Rabbe's post also served as a corporate mea culpa, saying "we know that we fell short in both fulfilling your expectations and communicating with you during this incident."

The failure of Skype's service for many of its users started at about 4 p.m. GMT on Dec. 22 and lasted through much of the 23rd, Rabbe said. On that Wednesday, a cluster of servers became overloaded, and some Skype clients received delayed responses from them. In one particular version of the Skype for Windows client, the delayed responses from the servers caused a processing misfire that led the client software to crash.
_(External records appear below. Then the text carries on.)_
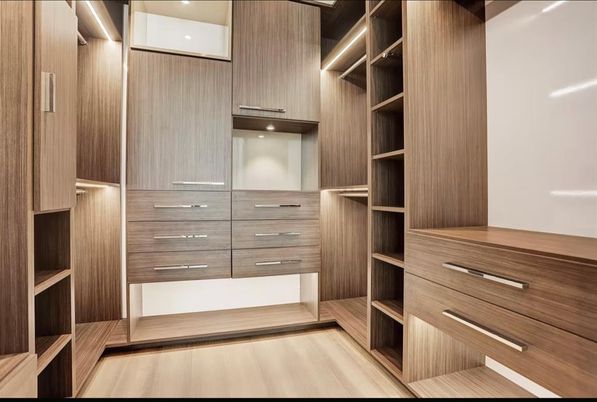Interior, Recessed Lighting, Walk-in Closets, Wood Texture Flooring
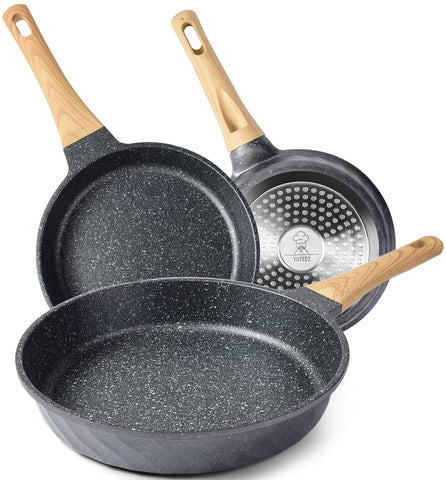 YIIFEEO skillet in a kitchen setting showcasing everyday cooking convenience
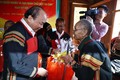 Thủ tướng Nguyễn Xuân Phúc chúc Tết và tặng quà hộ dân tộc thiểu số nghèo tại tỉnh Đắk Nông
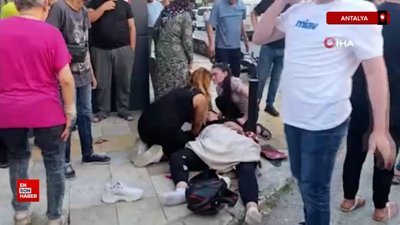 Antalya'da ters yönden çıkan midibüs ile motosiklet çarpıştı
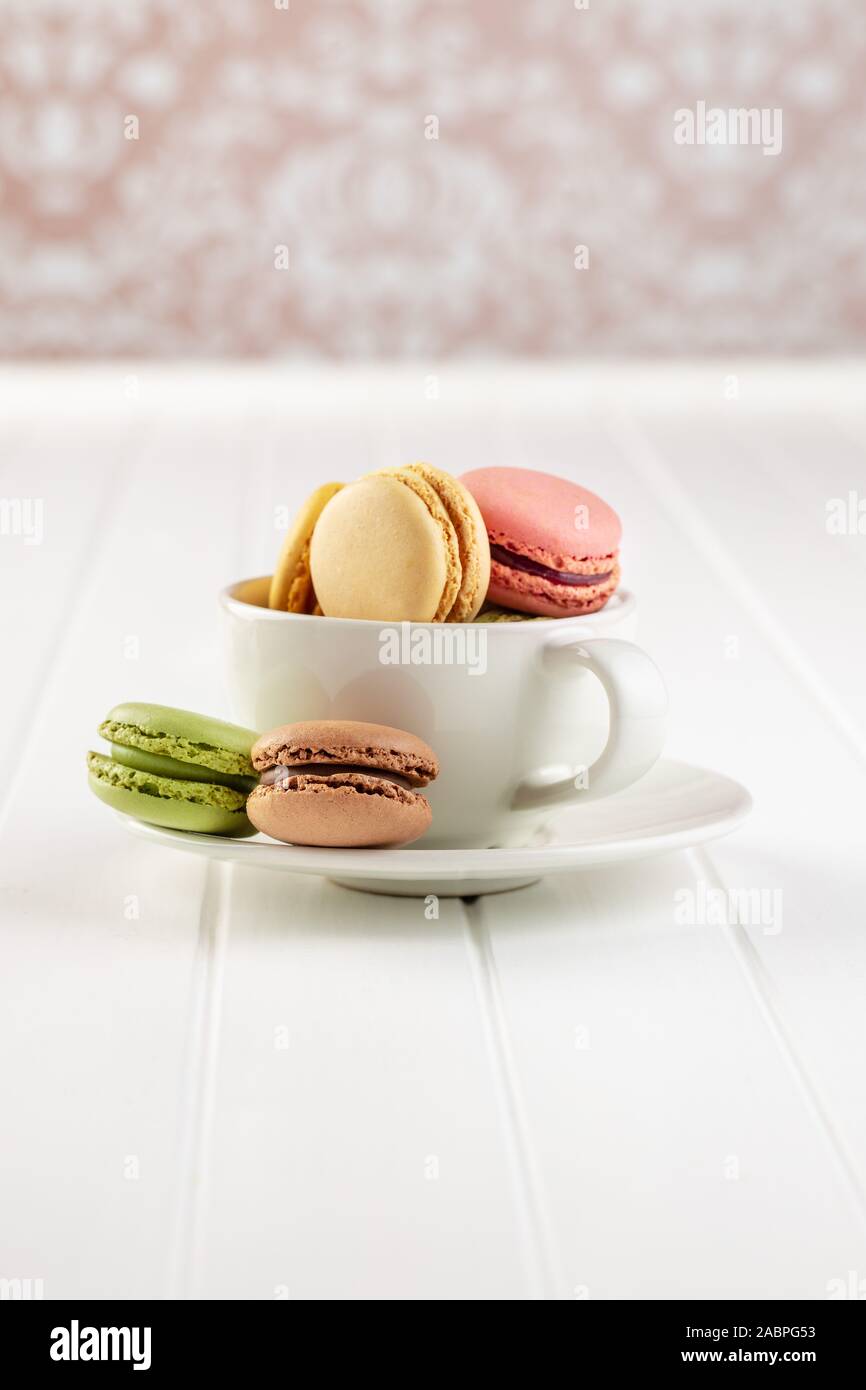 Süße bunte Macarons in Coffee Mug. Stockfoto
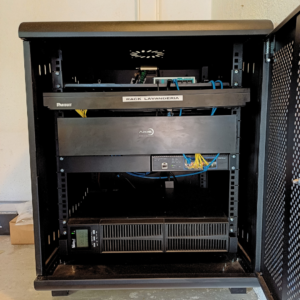 Gabinete de telecomunicaciones instalado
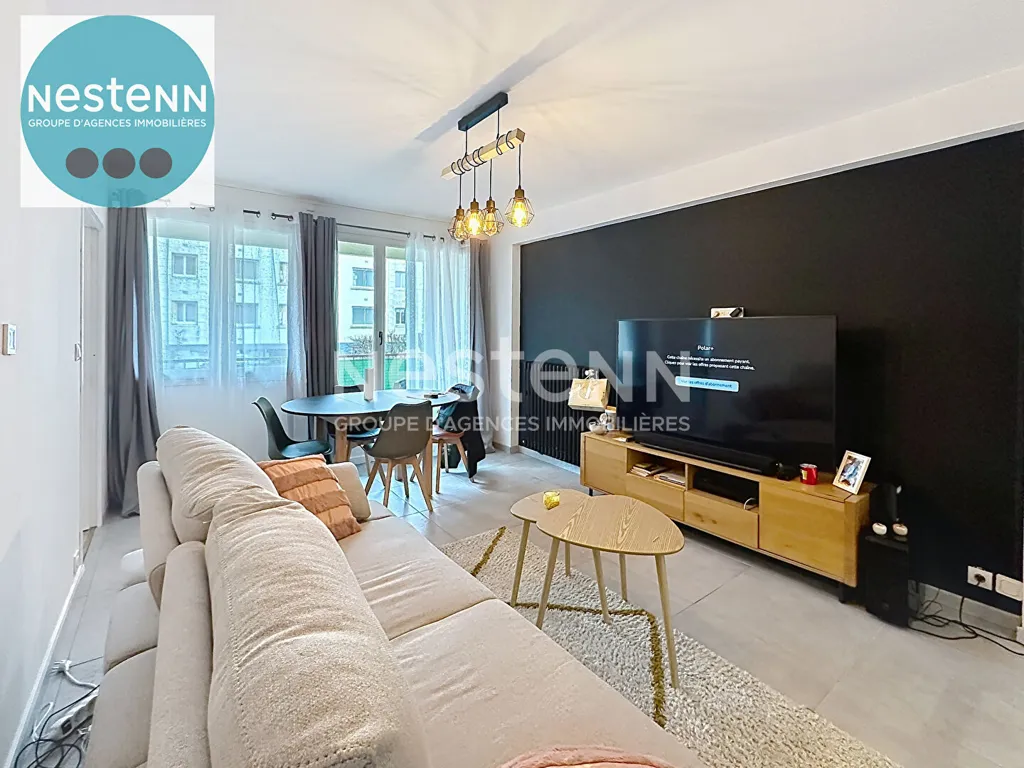 Séjour - Appartement avec Balcon et Vue Dégagée à Blois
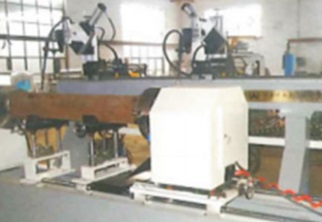 BYHF系列環(huán)縫自動焊機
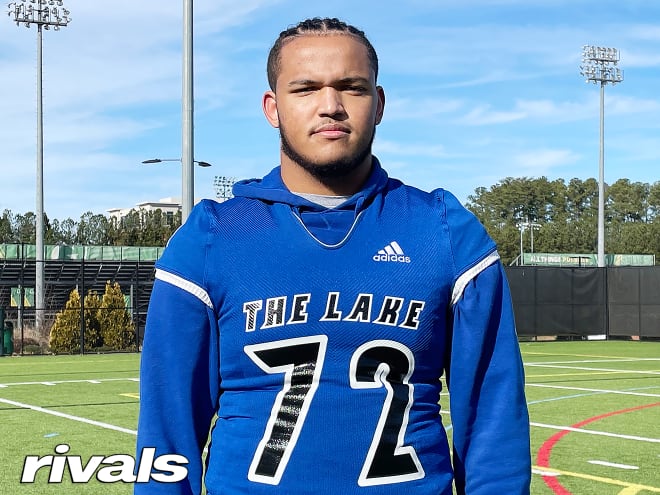 2024 Lake Norman (N.C.) offensive tackle Ethan Calloway recently visited Tennessee. 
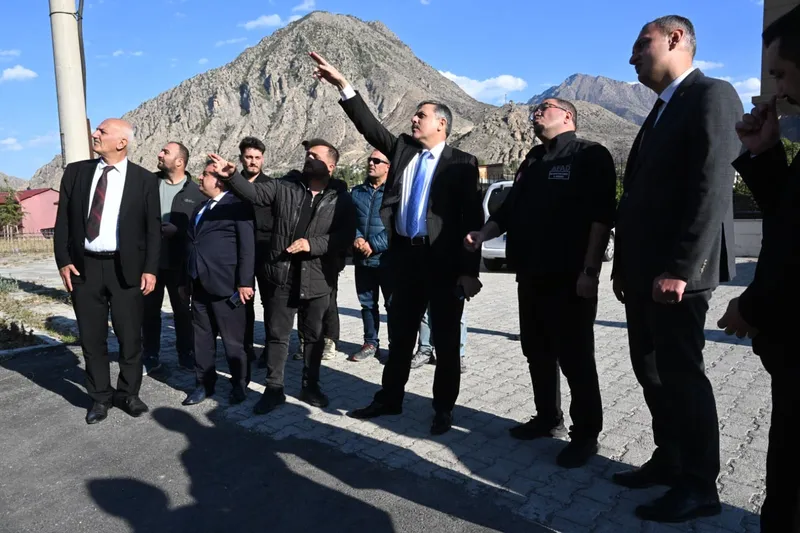 Vali Mustafa Çiftçi, Tortum ve Uzundere İlçelerinde incelemelerde bulundu
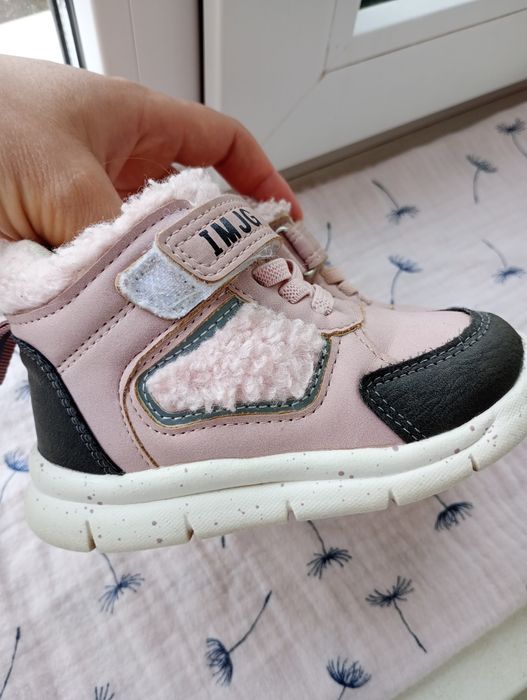 Ботинки для дівчинки 22 розмір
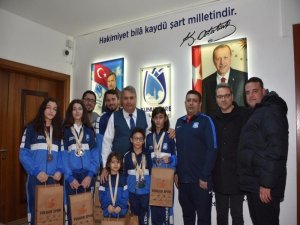 Başkan Çerçi Şampiyonları Ağırladı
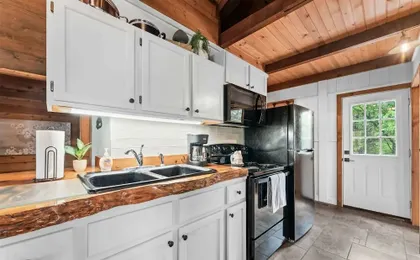 Whispering Bass Lodge 3bdr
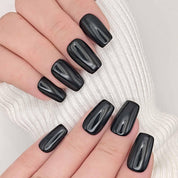 Unghie press on cassa media nero lucido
The affected version of the Skype for Windows client was 5.0.0152 -- a version that Rabbe said about half of Skype's users were running. Crashes caused about 40 percent of those clients to fail. And among the clients that failed were between a quarter and 30 percent of systems that provided important directory services in Skype's peer-to-peer network.

While Skype worked quickly to bring these so-called supernodes back online, even when restarted those systems remained unavailable to the network for a time. And meanwhile, the pressure on remaining supernodes pushed other systems over the top and caused even more of them to shut down. "This further increased the load on remaining supernodes and caused a positive feedback loop, which led to the near complete failures that occurred a few hours after the triggering event," Rabbe explained.

To fix the problem, Skype engineers introduced hundreds of instances of the Skype software into the peer-to-peer network to serve as dedicated supernodes, the CIO said. To do that, they drew on resources that are normally used in Group Video calling, thus taking that service offline temporarily. It was restored in time for Christmas, Rabbe wrote.